CULTURE: The Goddess & the Games glow, Flower rallies string hill communities – while the political games continue, all communities band across the cultural divide for their deep inner longing for separation from Bengal ?!!
FROM THE TELEGRAPH
BY VIVEK CHHETRI
Darjeeling, Oct. 14: Early morning drizzle and an overcast sky failed to dampen the spirit of Dashain today as hundreds of people dressed in their traditional attire thronged the streets of Darjeeling to take part in the phulpati processions.
Festivity gripped the hills as Buddhists, Marwaris, Bhojpuris and Lepchas alike took part in the Gorkha custom of offering phulpati. Young girls and boys danced alongside elders during the processions taken out from various parts of Darjeeling. They prayed to the deities at the Mahakal temple before the processions’ culmination at Chowrastha.
Phulpati is a unique custom of the Gorkhas in which they collect flowers, petals and other offerings from their homes and take them to the temple to pay obeisance to Goddess Durga.
The flowers, leaves and sugarcane are wrapped in a red cloth — the colour symbolising the goddess — and are carried in a decorated palanquin, which is accompanied by an ornate umbrella.

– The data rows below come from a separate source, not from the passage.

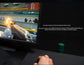 VAXEE NP-01S V3 Wireless Gaming Mouse Core1 Sensor 850IPS Boost 8kHz Polling Rate 57g Lightweight With Customized 8K Dongle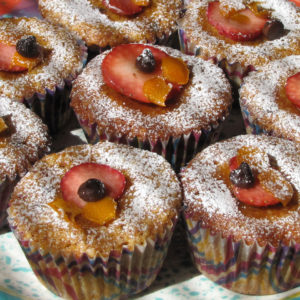 orange-almond-cupcakes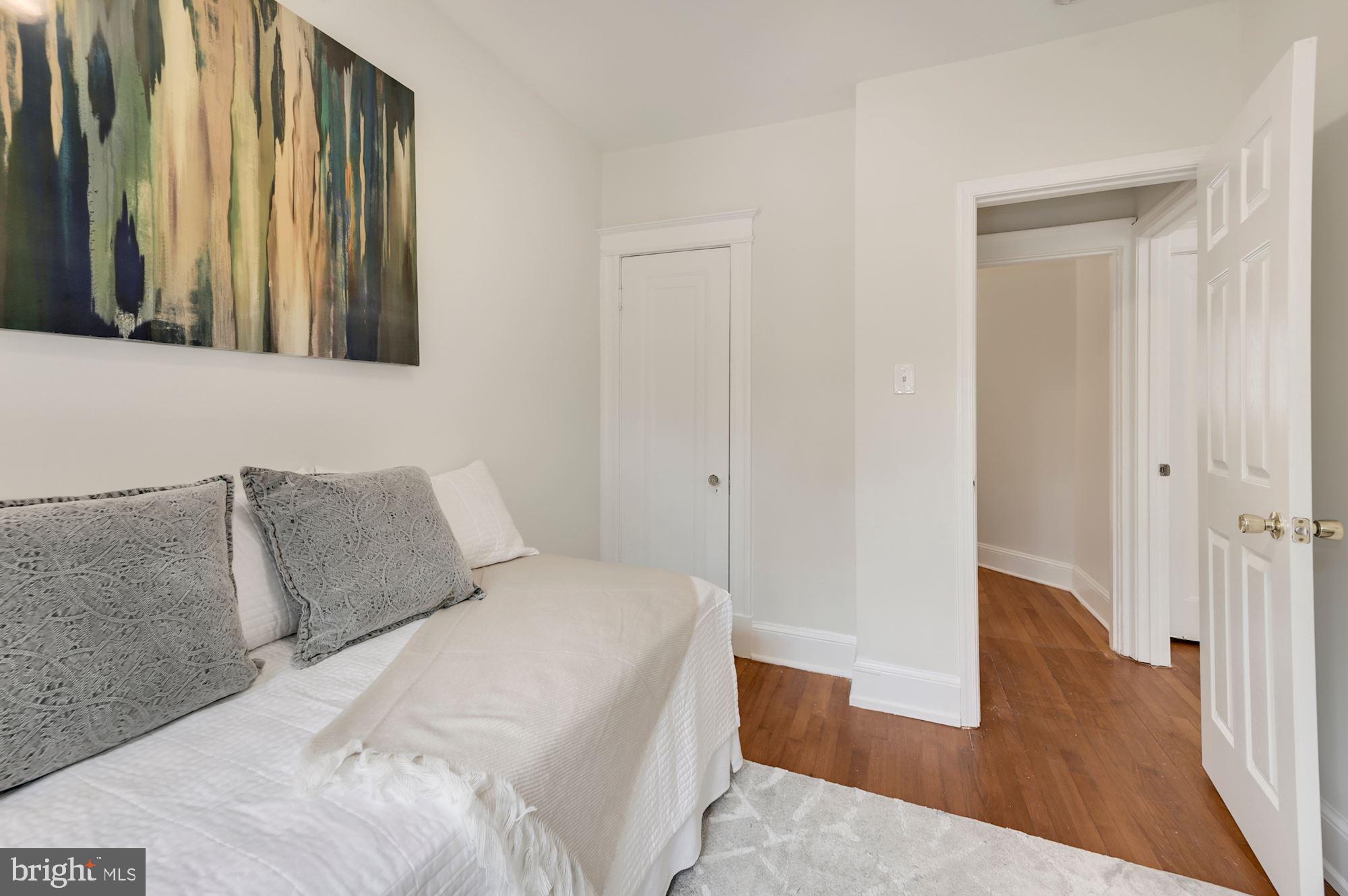 1448 Spring Road Northwest Washington, DC 20010 - Photo 20 of 26 Gallery Image 20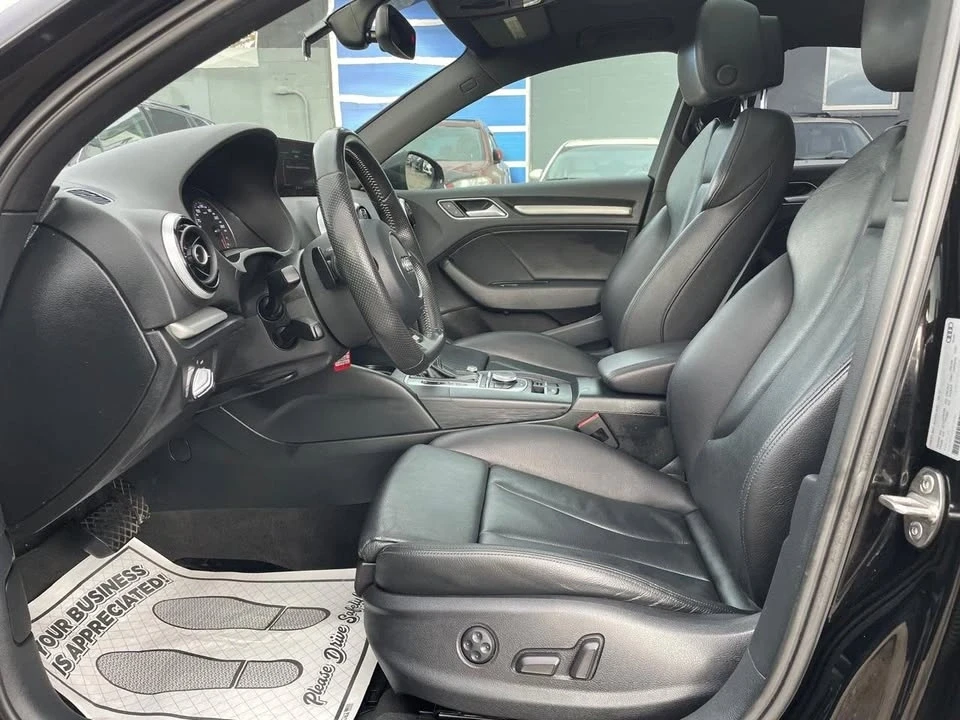 2016 Audi 8V A3 - Image 10 of 16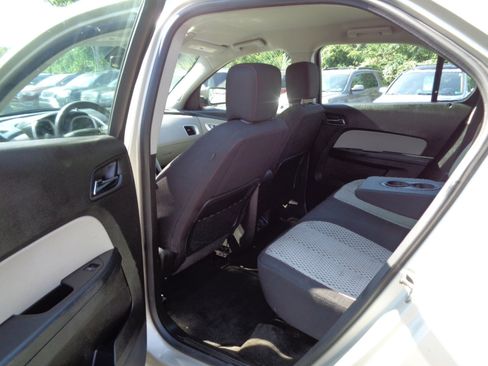 Used 2015 Chevrolet Equinox LS image 16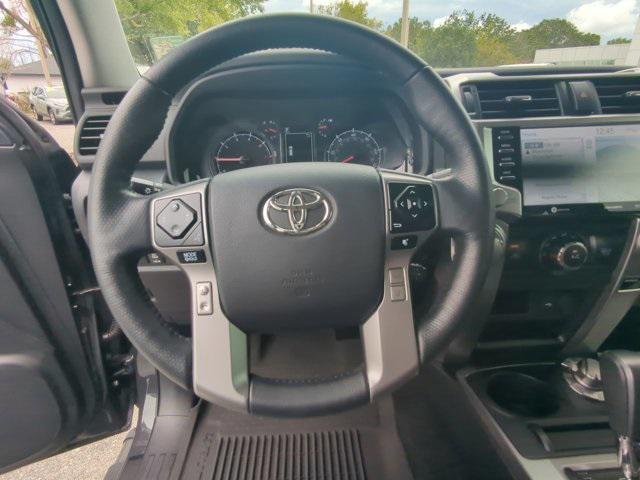 used 2024 Toyota 4Runner car, priced at $47,998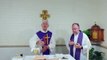 Catholic Mass Today I Daily Holy Mass I Thursday February 15 2024 I English Holy Mass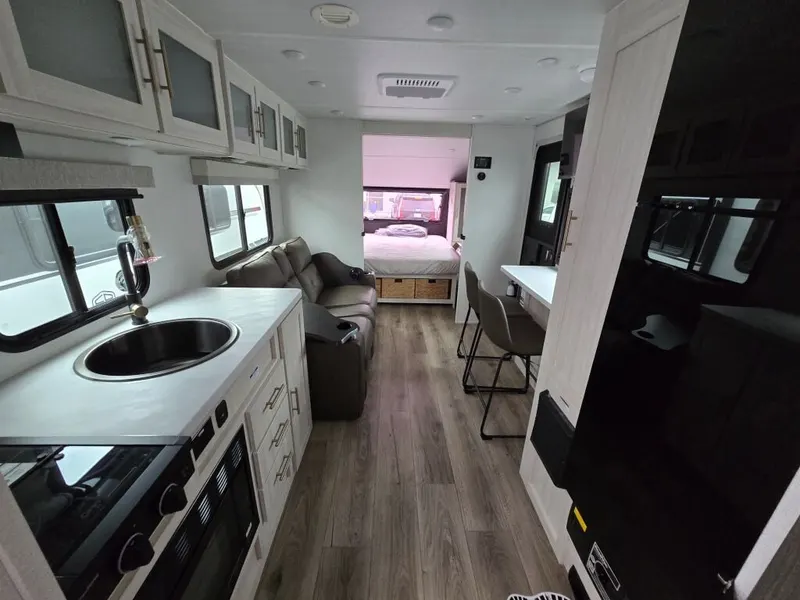 2027 Forest River R-Pod, photo 23 of 24
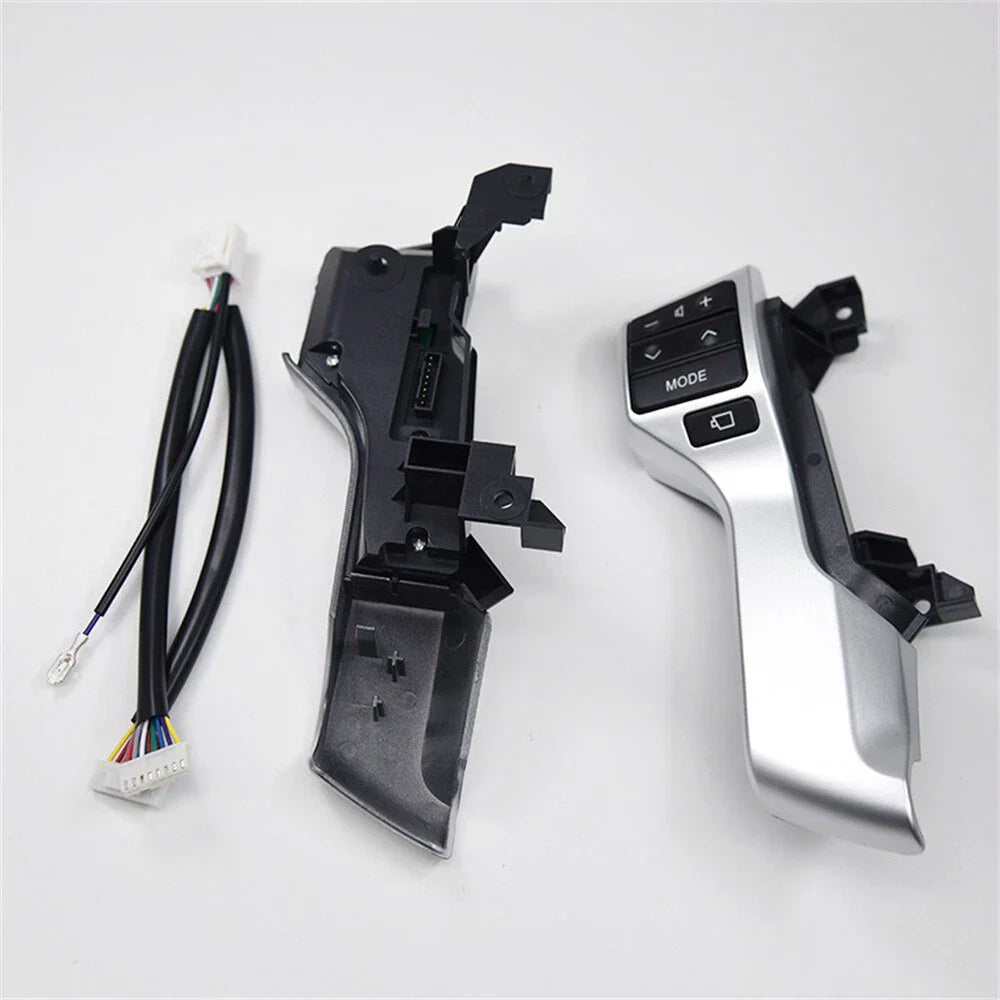 Steering Wheel Control Switch for Toyota Land Cruiser Prado (2009-2021)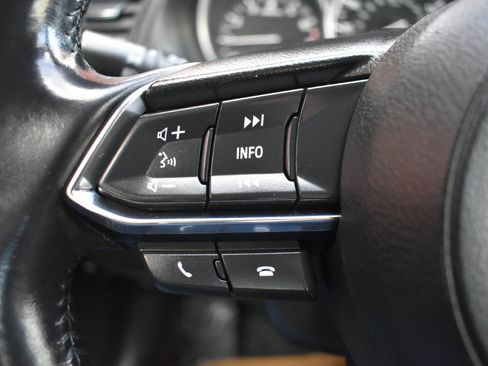 Used 2017 MAZDA MAZDA6 Touring image 23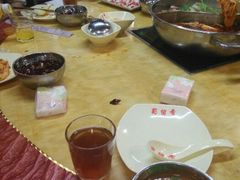 android_upload_pic-蜀留香火锅(白堤路店)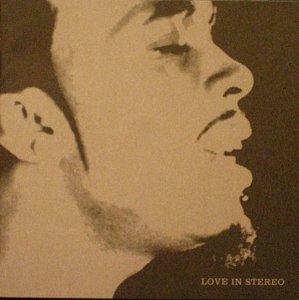 Rahsaan Patterson / Love In Stereo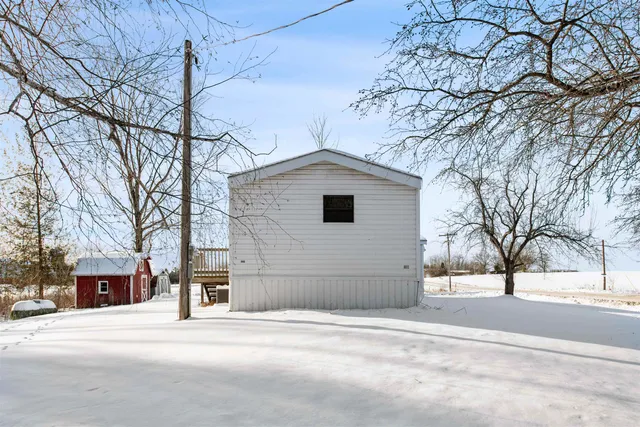 $79,900 | N6498 North 3 Road, Wallace, MI 49893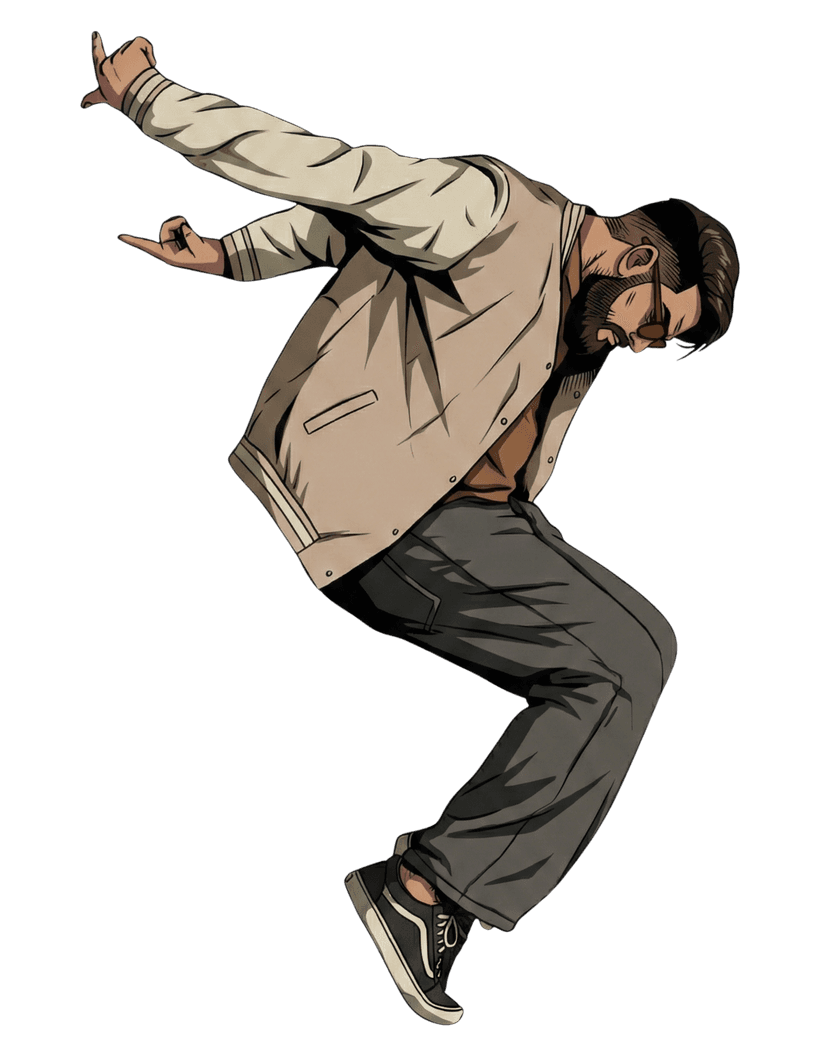 dance member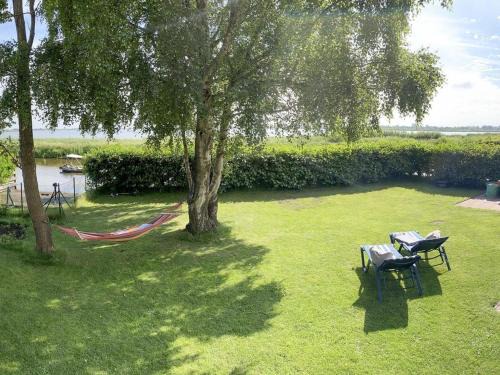 Sudbrookmerland Casa | Ferienhaus Großes Meer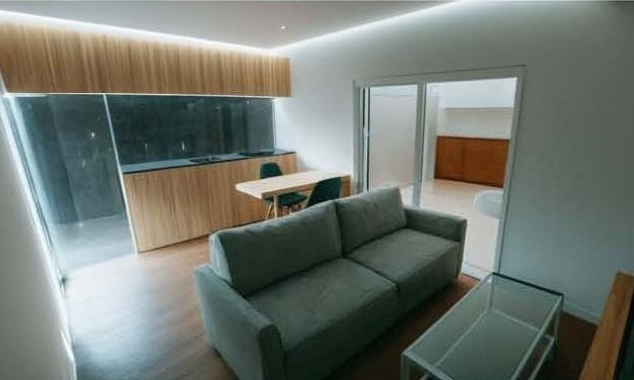 New Property for sale - Apartment for sale - Torrevieja - Torrevieja Town Centre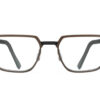 BLACKFIN ATLANTIC 04 BRUSHED BROWN / BLACK 1518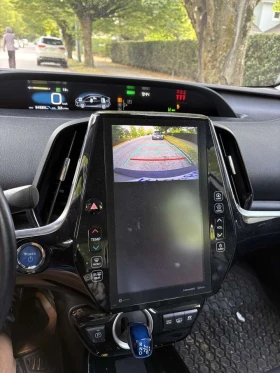 Toyota Prius Auto | Auto.bg — изображение 8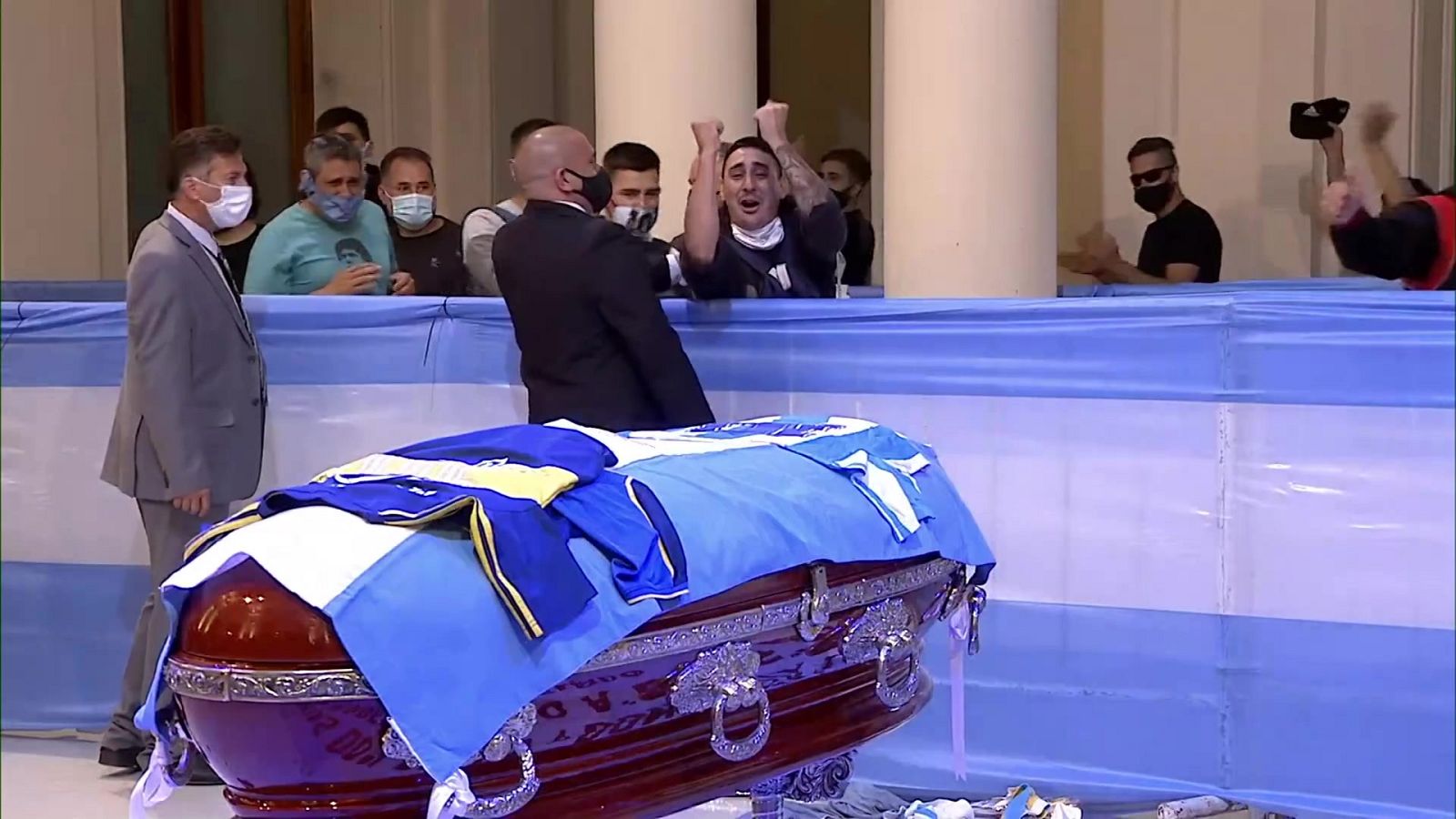 Telediario - 15 horas - 26/11/20 - ver ahora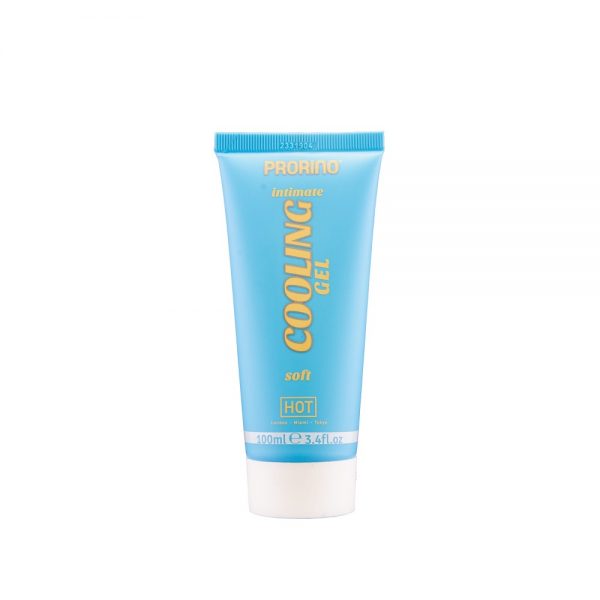 PRORINO Cooling Gel "soft"  100 ml ViPstore.hu - Erotika Webáruház - Szexshop 5
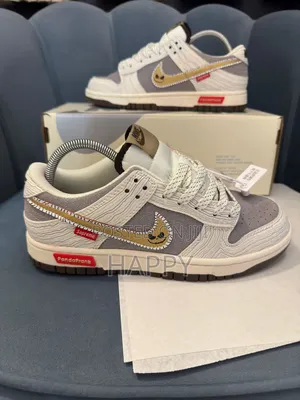 Nike Sneakers Good Quality Made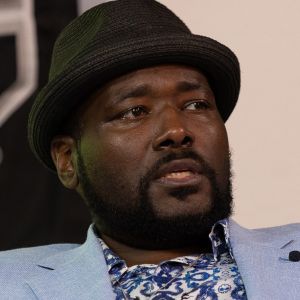 'The Blind Side' Star Quinton Aaron Suffered Spinal Stroke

It is believed that people who pass underneath the palanquin would be absolved of their sins.
The phulpati tradition traces back to the days of Pritivinarayan Shah (1723-1775) — the unifier of Nepal. During Shah’s times, the processions would start from his native place, Gorkha (the headquarters of Gorkha district in Nepal), and end at Kathmandu after covering hundreds of miles. (sad and a bit askew – again the snide “Gorkhasthan” link where all Indian Gorkhas are linked psychologically as foreigners in India – the brainchild of the Bengal communists ?!! (sic*) The tradition of Fulpati began much earlier than mentioned during Ramayan, the Rajput times from Rajasthan and the Aryan civilization where the Shah King’s forefathers emigrated from during the Mugal Empire expansion into Rajputana, difficult to say exactly when ?!!)
Roshan Giri, the general secretary of the Gorkha Janmukti Morcha, also led a procession that started from Motor Stand. Various organisations like the Koseli Sangh from Bara Kakjhora in Darjeeling took part in the festival along with community-based organisations like the Akhil Bharatiya Newar Sangatan.
The Newar community with their famous mask dancers (lakhi) led the procession. Others followed dancing to the tunes of dhampu and madal. Traditional instruments like naumati baja (nine piece instruments) also reverberated across the hills.
“It feels wonderful to be at home. The phulpati procession really seems to unite the hill people irrespective of caste and creed,” said Sanjana Thapa, who has come from Delhi to visit her parents.
Unlike in the rest of India, where Dusshera and Durga Puja are largely confined to pandal hopping and meeting friends and relatives, Dashain in the hills is a more widespread celebration.
Vijaya Dashami is the most important day of Dashain when relatives gather not only for a grand feast but also to seek blessings. People visit their relatives wearing new clothes. Elders in the family apply tika (made of rice), curd and vermilion on the foreheads of the younger members. Sagun comprising sweets and fruits are served during the family gatherings which usually continue for a fortnight from Vijaya Dashami.